- Wanted to use a pytorch dataset to work on image generation using a GAN
- found larger batch size helps because models train
- realized that relu + dropout is not best practice compared to leakyrelu
- realized that method of upsampling was not so good along with the fact that
- trained a model with too high of a loss ration, got poor results where the snapshots are taken every 10 epochs
- trained model with lower loss ratio (0.0002) and got better results.
- there are also sample outputs (I lost them, but they are in the git history I *think*)
- create personal dataset for image generation
- wanted to do some ML that would run better on GPU
- single epoch using current commit:
- CPU: 213 Seconds
- GPU: 30 Seconds
- check out the sample_runs dir
- note the model is built to dist/ in case you want to pip install it
- sample outputs are in `sample_runs`:
-
- dataset is really small ~360 images (from map of the week)
- pruned a few by hand after downloading the script
- more data might be needed
- though, if the gan is really stable, it may be able to use more epochs with the same dataset
- the dataset is pretty diverse, but I am not sure if that helps or not
- Was getting some divergences, reduced discriminator learning rate from 0.001 -> 0.0004
- At one point, the last layer of the generator had a larger kernel size and a larger padding, changed to lower padding and kernel
- took some online advice and the labels for the real images are "0.9" not 1
- added batch normalization to generator model
- using tanh activation for the image output, since images are 0-1 created with (X + 1) / 2
- thinking about applying 2*X - 1 to training images, but undecided
- have added ability but have not tried adding noise (15%) to train and generated images before passing to the discriminator during training
- desired output image size may just be too large
- had to strike a balance with making the model fit on 24GB of RAM
- used large stride to upsample image size
- only had latent space of 3x20x20 -> linear layer -> 16x64x64
- so upsizing from 64x64 to ~1k over the two transpose layers
- use one convolution to go down from ~1000x1000 to 750x750
- not sure if large stride is best way to upsample
- had gut feeling that I wanted to have at least one layer that reduces input -> output size
- not sure if I should have any equal input and output layers
- might want to add one more layer at the end of the generator for better smoothing?

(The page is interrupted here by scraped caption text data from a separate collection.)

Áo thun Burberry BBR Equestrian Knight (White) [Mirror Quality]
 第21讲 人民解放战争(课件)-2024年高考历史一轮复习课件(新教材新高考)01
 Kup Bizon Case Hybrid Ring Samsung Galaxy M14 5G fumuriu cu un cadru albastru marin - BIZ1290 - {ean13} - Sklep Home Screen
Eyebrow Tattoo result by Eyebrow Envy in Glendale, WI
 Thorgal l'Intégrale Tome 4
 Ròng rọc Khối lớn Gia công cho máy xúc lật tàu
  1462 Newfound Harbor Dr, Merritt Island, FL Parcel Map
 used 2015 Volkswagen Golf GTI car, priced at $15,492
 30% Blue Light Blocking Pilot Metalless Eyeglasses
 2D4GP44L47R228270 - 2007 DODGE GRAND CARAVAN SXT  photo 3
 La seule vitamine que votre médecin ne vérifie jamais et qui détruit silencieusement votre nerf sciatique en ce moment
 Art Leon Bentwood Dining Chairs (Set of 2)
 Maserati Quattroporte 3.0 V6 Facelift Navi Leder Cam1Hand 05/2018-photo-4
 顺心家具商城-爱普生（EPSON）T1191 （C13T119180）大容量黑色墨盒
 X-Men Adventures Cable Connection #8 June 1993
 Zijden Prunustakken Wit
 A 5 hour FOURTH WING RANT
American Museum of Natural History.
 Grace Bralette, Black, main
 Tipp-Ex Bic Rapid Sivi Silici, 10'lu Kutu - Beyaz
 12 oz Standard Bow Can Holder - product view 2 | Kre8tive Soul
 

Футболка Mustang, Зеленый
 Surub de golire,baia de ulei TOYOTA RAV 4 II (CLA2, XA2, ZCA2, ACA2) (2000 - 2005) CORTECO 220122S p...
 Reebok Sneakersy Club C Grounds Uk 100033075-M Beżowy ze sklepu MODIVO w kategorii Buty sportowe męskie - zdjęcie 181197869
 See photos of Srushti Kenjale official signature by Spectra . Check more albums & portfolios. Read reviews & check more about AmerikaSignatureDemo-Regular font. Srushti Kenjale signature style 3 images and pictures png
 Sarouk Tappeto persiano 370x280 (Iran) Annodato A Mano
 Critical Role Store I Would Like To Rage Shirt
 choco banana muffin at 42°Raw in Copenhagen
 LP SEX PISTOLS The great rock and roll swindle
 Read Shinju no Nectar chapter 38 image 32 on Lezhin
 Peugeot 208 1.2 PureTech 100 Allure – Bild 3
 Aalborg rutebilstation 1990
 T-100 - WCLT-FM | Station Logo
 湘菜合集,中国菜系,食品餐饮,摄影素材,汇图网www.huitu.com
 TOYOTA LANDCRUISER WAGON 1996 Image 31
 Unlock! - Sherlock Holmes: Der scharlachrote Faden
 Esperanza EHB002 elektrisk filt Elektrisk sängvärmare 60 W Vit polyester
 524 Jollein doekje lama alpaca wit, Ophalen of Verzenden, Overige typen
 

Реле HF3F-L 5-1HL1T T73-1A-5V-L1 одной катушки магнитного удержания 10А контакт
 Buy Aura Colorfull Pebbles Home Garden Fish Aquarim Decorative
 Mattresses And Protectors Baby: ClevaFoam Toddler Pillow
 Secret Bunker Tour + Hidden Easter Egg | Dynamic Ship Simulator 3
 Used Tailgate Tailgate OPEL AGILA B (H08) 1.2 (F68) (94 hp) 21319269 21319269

- didn't have dropout in generator seems bad
- maybe should try smaller images
- smaller images worked better
- pruned the corpus I was using down to 225 images from 360 by removing maps that were of a different scale (geography not dungeon maps),
- got real results!
- model oscilated in quality a lot
- used 10% noise, seemed to work well
- have been using 0.9 as labels for corpus data
- not sure how to procceed since images are coming out looking pretty sweet, but the 128x128 size is not great
- thinking of training another model to improve the output of this model, e.g.:
- use one of these models as input
- create a gan that scales up from 128x128 to e.g. 1024x1024
- corpus would have to load in at the larger size - trivial
- memory might be tricky with larger images / model for larger images
- number of layers might be able to be small